I want to raise an issue here. IMO Affirmative Action is a great contributor to the devide in SA. The younger generation that are totally uninvolved in the past has very little if any racial divide. They are starting to enter the workplace atm and have to deal with AA every time they are looking for a job. This causes tension and a renewed awareness of racial prejudice.

I feel it is way past bed time for AA as the only thing it is accomplishing atm is keeping racism alive. There is no evidence that it has helped anyone other than the elite few for the objectives that it was created. The standards of schooling and higher education has reached the level where all pupils regardless of race has received the same level of education for an entire generation! What is the point in continuing with AA? Well imo, it ensures that election time gets based on race and not on results... I mean until recently apartheid was still blamed for incompetency of some of our biggest leaders.

I think that the moment AA walks out the door, a big change will happen in SA. But then again, maybe the ANC created a monster they do not know how to get rid of?

----------


## duncan drennan

> The standards of schooling and higher education has reached the level where all pupils regardless of race has received the same level of education for an entire generation!


I would question that. We still have a long way to go to reach "equal education," at least based on the anecdotal evidence that I have encountered. 




> But then again, maybe the ANC created a monster they do not know how to get rid of?


Or maybe, that they don't want to get rid of?

----------


## Dr KGNKhumalo

I beg you to view it another way! 

It is an interim measure! A model which should be flexible and transparent!  A political party to me should be a mere instrument - servant to its people - BAD Policy or delivery will eventually be punished by those whose support a party often takes for granted. I believe there are those in GVT who have no idea how to manage and make this AA Project a success! It is not a mere excercise in introducing some skin tones in the right places. 

The most beautiful outcome of AA should be to overcome ALL prejudice by first making people acutely aware of it. 

The 'younger' generations of differing upbringings (for I now know no race!) have very anti-parallel views about each other. Little knowledge or experience or participation in the PAST is a rather lame excuse for the apathetic engagement in this present time. 

I would find it selfish not to prepare the ground whereupon my children are going to engage with other people in the future. AA provides an inkling of how that arena is set to play out! 

Non-engagement of racial and other segregative and discriminative issues now is only a disaster postponed!

----------


## duncan drennan

> Non-engagement of racial and other segregative and discriminative issues now is only a disaster postponed!


I fully agree with that!
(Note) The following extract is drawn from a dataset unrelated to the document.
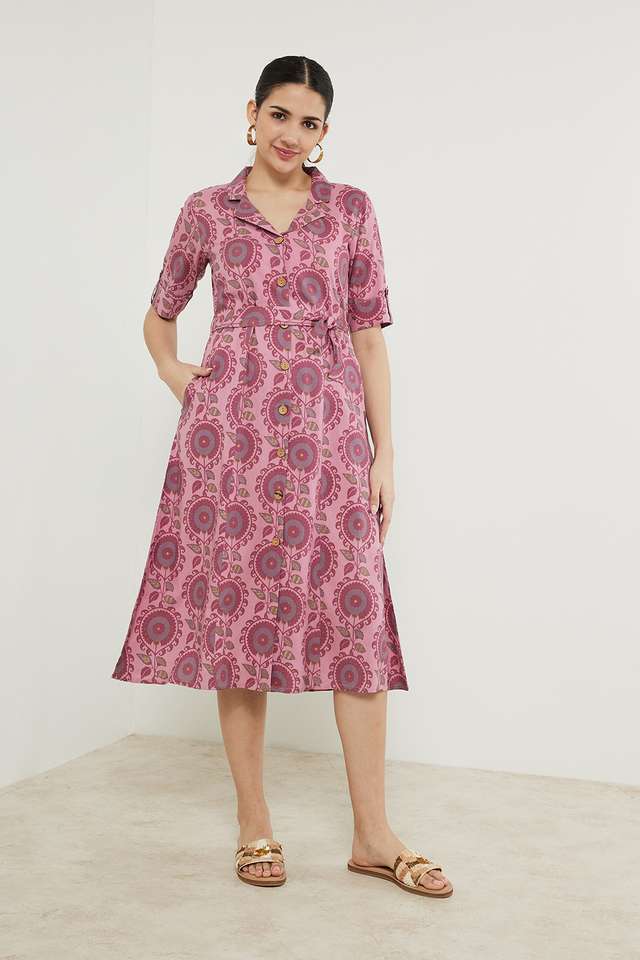 Printed-Rayon-Collar-Neck-Women-s-Ethnic-Dress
What is challenging is how to effectively engage in a way which uplifts our society.




> The most beautiful outcome of AA should be to overcome ALL prejudice by first making people acutely aware of it.


Would you care to expand on this thought? It is intriguing as, to me, it is counter-intuitive.

----------


## Chatmaster

> The 'younger' generations of differing upbringings (for I now know no race!) have very anti-parallel views about each other. Little knowledge or experience or participation in the PAST is a rather lame excuse for the apathetic engagement in this present time.


Good point!  :Big Grin: 



> I would find it selfish not to prepare the ground whereupon my children are going to engage with other people in the future.
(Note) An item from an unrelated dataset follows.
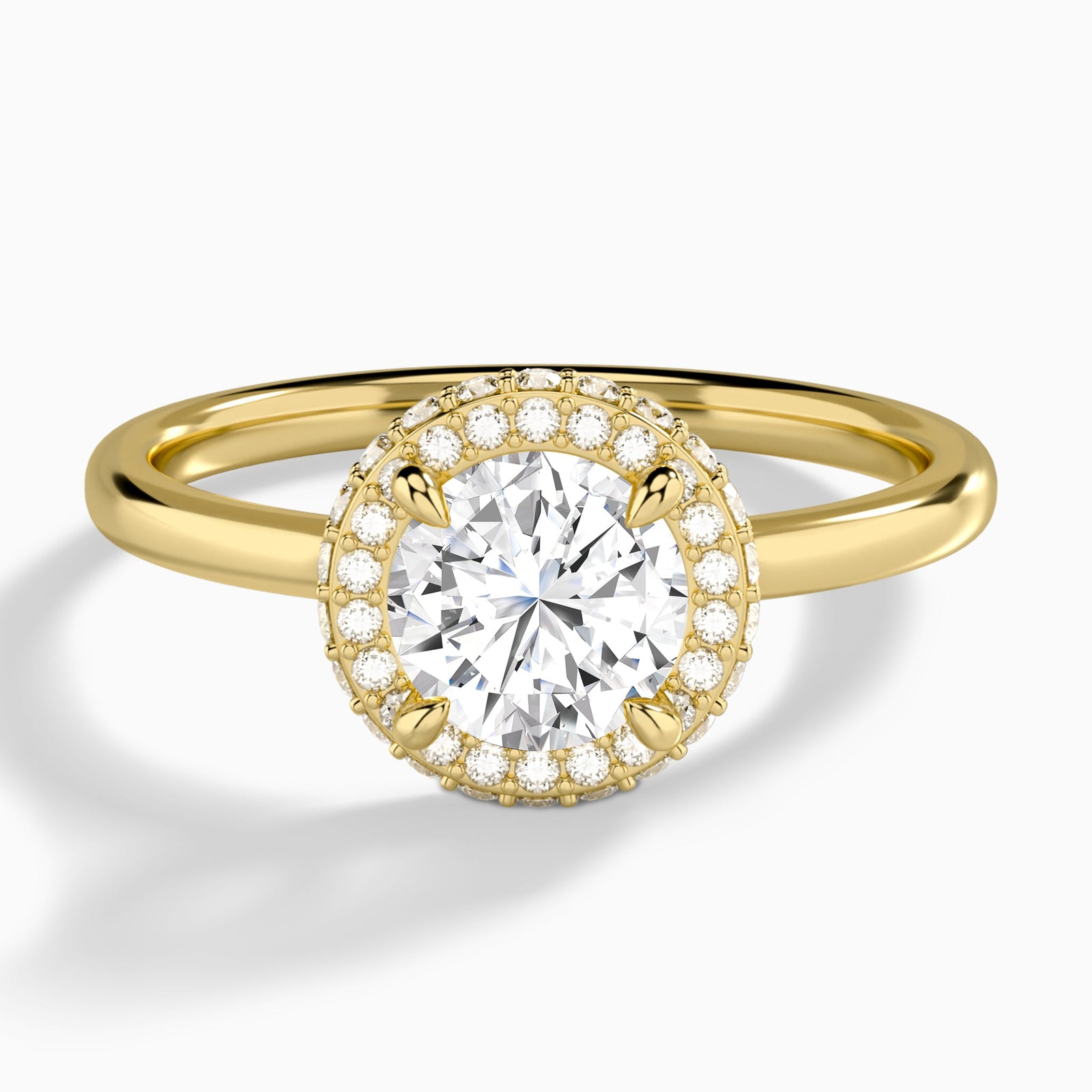 Round Amulet Lab Grown Diamond Engagement Ring In 14K Yellow Gold - Lucenjuri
 That is something we both have in common.




> Non-engagement of racial and other segregative and discriminative issues now is only a disaster postponed!


 I couldn't agree more!

First I need to state that I personally am not affected by AA but that I feel it is a concept that can be improved or a suitable replacement can be found. I am fortunate enough to be in a career that offers very little competition in SA so if I was looking for a job I doubt it would affected me. What I am trying to do is get some kind of debate going in terms of the concept of AA and how it should be improved. At this stage it does contribute to racial divide amongst all races. 
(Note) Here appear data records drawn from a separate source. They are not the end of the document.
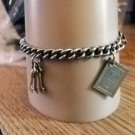 Silver Single Link Charm Bracelet with Scissors, Keys, Key & Heart and Daily Diary Charms 7" #00064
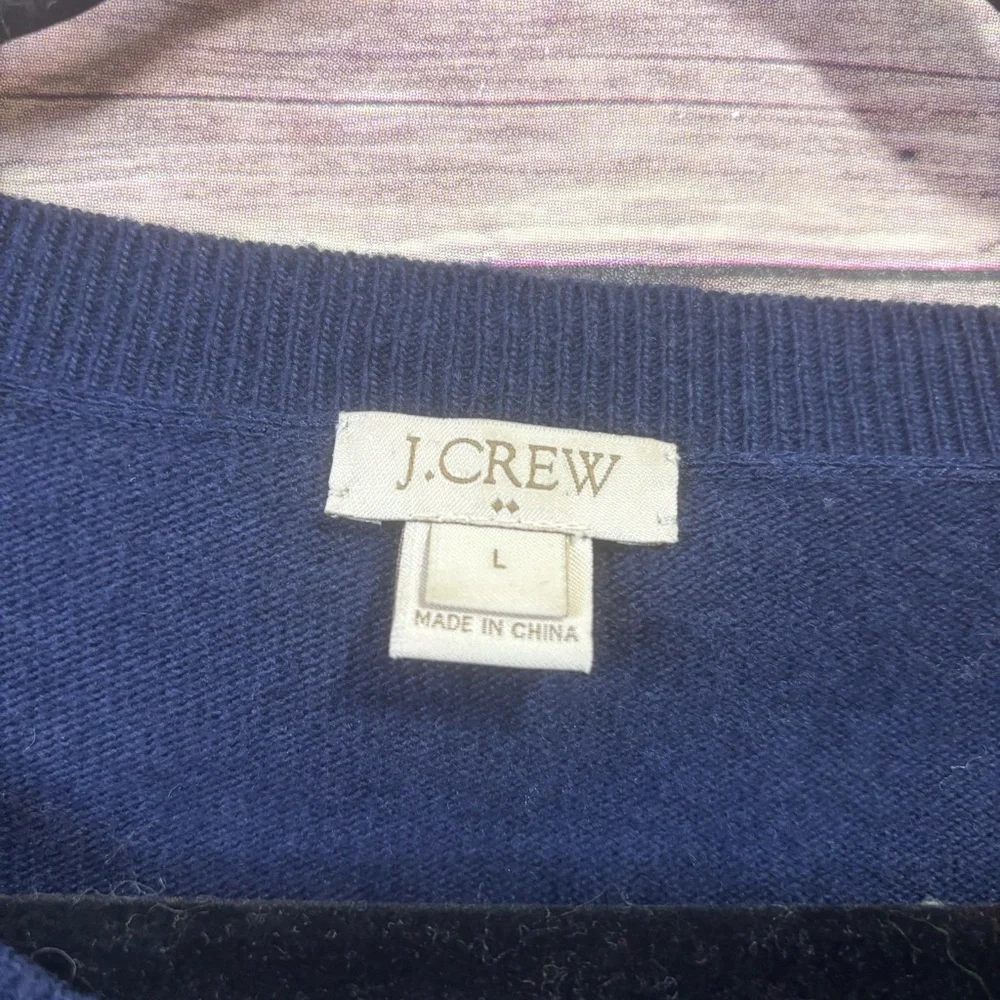J. CREW Blue Wool Blend Sweater Size Large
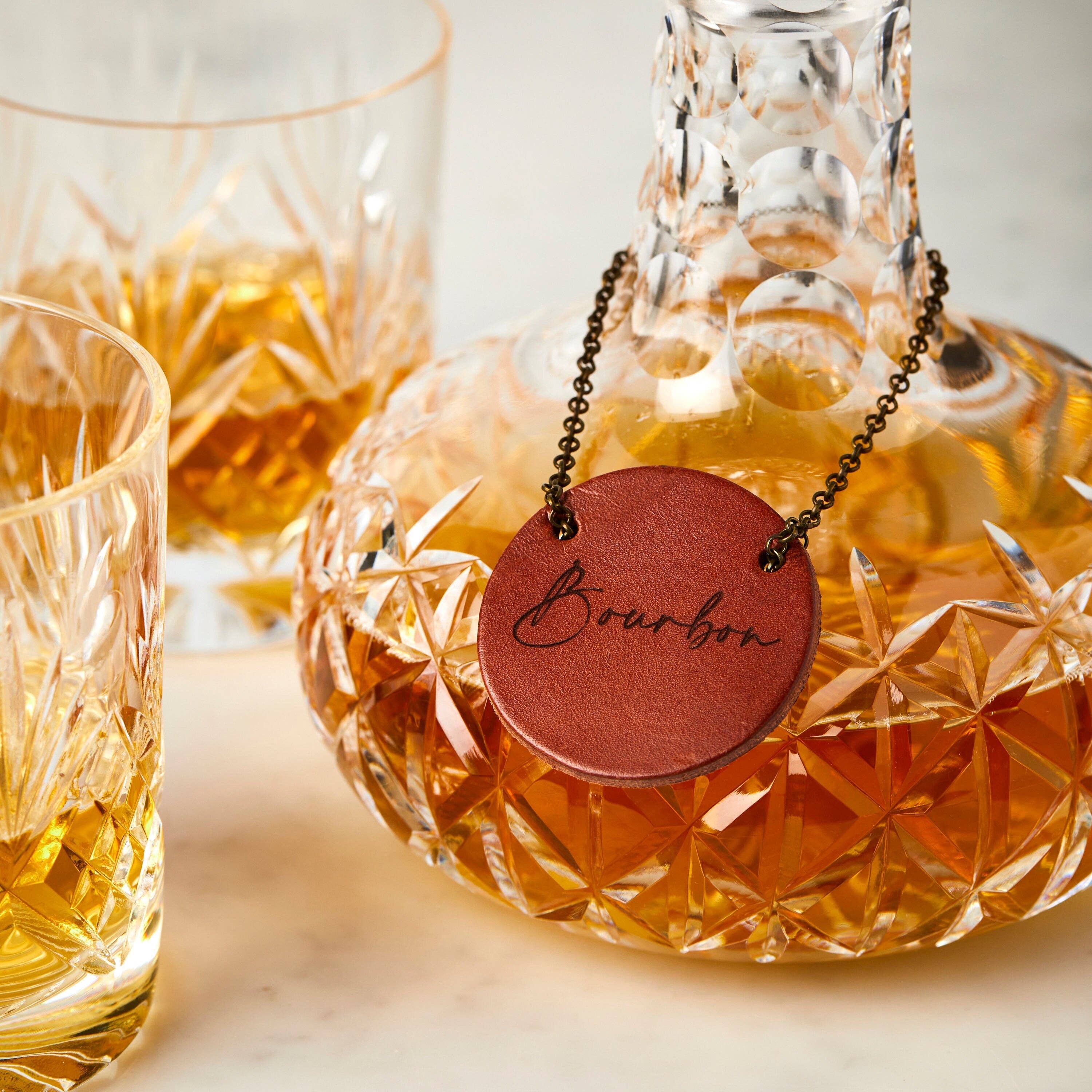 Parkin & Lewis - Wholesale Decanter - Engraved Leather bottle tag for decanter1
However, the speed at which it is being done is not the problem, it is the actual implementation of it. If we look at the serious issues that SA is dealing with in terms of how crime and unemployment can be impacted if the managing of processes was managed correctly. Education processes lack the experience and expertise, nor is it freely available or publicized. Yes there are workshops presented and so forth, but just how much education is being done in the correct manner and how much publicity is given to the topic?

Change ultimately requires a change in culture or the creation of a new culture. By just putting a process together that enables benefits to individuals based on their gender, race or disability means that you can create a monster that can destroy the original intention of the process. Does this now mean that because I am suffered because of apartheid, government now owes me? Does this mean I am special and has allot due to me because I am a product of apartheid? Am I supposed to get all things in life free?

If you look at voting times and comments made by the general public it becomes clear that there is a common feeling amongst South Africans of all race and gender groups that they are owed something by government. If look at the amount of unhappiness day after day, it is also clear. Is it perhaps time that we create a new culture? A culture where we as South Africans educate each other in entrepreneurship and show each other what a difference an attitude change can accomplish? To make each other realize that nothing is for free, nothing is owed and due and that if we work together and hard we can change the future for all of us?

Many white people see AA as reverse racism and blame it for their misery. A natural human reaction when it comes to accountability. It is natural to be in denial for taking responsibility of your own actions and future. But then again what should you feel like if you are ambitious and know you cannot shoot for the top job regardless of what you do because of racial discrimination? Denial of responsibility also seems to be the new culture that has been introduced in SA regardless of race. Perhaps changing the culture by use of the media, advertising, education and team building will accomplish more than AA can.

A culture change can have a great effect on many issues we are facing, including AA. Is there a way we can accomplish this?

----------


## Dr KGNKhumalo

Just some more observations!

Acute awareness (the positive kind) allows one to percieve the effect of apartheid to someone other than oneself. On a counter-note it can heighten one's introspective look and the jeopardy of blame-storming looms large.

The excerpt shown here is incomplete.